Now some of you may not be use to using ruby, so here’s is a check that checks the filtercache hitratio

#!/usr/bin/ruby
$:.unshift File.expand_path("../", __FILE__)
require 'lib/solr_dao.rb'
solr_results=SolrDAO.new("http://localhost:8080/solr/admin/cores?action=SUMMARY")
hitratio=solr_results.get_filterCache_hitratio("alfresco").to_f
lookups=solr_results.get_filterCache_lookups("alfresco").to_i
#Hit ratio is an inverse, 1.0 is perfect 0.1 is crap, and can be ignored if there is less than 100 lookups
inverse=(1.0-hitratio)
critical=0.8
warning=0.7
if (inverse.is_a?
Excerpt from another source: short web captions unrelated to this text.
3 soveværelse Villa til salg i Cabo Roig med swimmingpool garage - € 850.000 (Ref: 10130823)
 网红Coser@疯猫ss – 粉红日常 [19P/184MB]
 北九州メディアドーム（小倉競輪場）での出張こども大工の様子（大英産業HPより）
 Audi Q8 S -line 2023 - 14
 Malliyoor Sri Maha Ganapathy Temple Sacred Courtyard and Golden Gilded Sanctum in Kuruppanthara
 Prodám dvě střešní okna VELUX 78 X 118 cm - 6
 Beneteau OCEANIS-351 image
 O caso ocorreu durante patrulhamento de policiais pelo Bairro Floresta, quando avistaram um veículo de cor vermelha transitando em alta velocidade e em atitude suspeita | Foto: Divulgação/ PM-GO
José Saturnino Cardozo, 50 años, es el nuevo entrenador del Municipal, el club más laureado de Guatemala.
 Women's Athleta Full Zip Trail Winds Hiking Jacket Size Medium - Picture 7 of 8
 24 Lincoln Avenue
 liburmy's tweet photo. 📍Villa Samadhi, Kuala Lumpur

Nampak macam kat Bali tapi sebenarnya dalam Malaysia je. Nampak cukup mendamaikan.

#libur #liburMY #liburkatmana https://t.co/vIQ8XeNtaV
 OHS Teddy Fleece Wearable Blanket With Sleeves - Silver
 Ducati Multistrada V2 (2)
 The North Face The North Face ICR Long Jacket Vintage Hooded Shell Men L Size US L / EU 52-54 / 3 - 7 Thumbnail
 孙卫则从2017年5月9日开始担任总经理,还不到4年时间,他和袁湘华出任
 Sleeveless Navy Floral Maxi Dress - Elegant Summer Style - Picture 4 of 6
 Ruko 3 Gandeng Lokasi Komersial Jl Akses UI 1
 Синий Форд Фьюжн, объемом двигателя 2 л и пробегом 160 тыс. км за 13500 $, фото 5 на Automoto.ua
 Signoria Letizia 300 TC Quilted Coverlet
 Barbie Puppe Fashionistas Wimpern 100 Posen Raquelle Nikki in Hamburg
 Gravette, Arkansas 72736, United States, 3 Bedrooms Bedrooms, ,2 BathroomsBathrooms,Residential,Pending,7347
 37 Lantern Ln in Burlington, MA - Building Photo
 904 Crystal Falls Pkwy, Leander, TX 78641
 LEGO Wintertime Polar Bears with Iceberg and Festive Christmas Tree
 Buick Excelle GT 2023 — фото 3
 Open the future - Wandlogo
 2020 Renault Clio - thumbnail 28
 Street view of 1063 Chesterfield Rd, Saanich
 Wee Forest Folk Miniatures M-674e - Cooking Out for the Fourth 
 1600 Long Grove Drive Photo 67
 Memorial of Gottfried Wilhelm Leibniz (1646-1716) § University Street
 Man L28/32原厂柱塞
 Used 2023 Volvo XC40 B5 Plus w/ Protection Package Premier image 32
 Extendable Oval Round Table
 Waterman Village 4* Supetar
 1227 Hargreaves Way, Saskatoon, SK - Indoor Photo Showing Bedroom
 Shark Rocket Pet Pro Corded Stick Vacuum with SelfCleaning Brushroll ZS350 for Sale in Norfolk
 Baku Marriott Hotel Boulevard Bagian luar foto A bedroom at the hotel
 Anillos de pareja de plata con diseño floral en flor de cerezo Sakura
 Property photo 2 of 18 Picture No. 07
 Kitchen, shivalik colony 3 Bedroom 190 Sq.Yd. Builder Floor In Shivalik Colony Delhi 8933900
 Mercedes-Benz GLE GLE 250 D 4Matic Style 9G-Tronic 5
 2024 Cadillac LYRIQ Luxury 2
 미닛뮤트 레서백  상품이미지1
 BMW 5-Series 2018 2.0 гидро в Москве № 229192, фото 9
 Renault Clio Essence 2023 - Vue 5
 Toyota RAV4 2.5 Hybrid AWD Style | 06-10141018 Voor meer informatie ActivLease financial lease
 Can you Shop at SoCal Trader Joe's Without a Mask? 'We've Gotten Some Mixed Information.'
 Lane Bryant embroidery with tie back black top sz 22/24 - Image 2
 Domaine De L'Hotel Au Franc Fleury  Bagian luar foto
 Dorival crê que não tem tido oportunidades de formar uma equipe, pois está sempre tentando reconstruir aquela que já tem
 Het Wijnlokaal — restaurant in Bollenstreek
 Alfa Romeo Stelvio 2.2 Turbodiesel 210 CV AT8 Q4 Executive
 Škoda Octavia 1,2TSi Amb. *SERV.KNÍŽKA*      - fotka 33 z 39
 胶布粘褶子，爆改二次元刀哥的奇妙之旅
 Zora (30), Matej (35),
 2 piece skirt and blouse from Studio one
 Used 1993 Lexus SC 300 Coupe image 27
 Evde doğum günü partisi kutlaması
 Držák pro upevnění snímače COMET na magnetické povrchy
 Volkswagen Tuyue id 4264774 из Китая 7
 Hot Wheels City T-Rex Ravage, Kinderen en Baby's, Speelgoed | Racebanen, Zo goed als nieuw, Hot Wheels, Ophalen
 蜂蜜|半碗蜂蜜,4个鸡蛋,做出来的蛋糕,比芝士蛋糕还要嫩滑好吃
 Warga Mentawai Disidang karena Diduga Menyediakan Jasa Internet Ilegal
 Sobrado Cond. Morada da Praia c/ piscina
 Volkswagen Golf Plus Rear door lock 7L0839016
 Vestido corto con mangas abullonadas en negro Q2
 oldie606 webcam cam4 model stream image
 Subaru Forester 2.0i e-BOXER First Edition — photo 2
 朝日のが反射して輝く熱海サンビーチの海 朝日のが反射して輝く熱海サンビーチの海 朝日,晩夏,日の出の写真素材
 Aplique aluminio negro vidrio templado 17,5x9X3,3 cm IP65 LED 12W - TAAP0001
Float)
  if ( lookups >= 100 )
    if ( inverse >= warning )
      if (inverse >= critical )
        puts "CRITICAL :: FilterCache hitratio is #{hitratio}|'hitratio'=#{hitratio};#{warning};#{critical};;"
        exit 2
      else
        puts "WARNING :: FilterCache hitratio is #{hitratio}|'hitratio'=#{hitratio};#{warning};#{critical};;"
        exit 1
      end
    else
      puts "OK :: FilterCache hitratio is #{hitratio}|'hitratio'=#{hitratio};#{warning};#{critical};;"
      exit 0
    end
  else
    puts "OK :: FilterCache hitratio is #{hitratio}|'hitratio'=#{hitratio};#{warning};#{critical};;"
    exit 0
  end
else
  puts "UNKNOWN :: FilterCache hitratio is #{hitratio}"
  exit 3
end
[/sourecode]

to get this to work, you'll just need to put it with your other nagios checks, and in the same directory as the above put a lib directory with the solr_DAO from further up in it, if you need to change it's location you will only need to adjust the following:


$:.unshift File.expand_path("../", __FILE__)
require 'lib/solr_dao.rb'

Also if you wanted to you could modify the script to take the critical and warning as params so you can easily change it within nagios.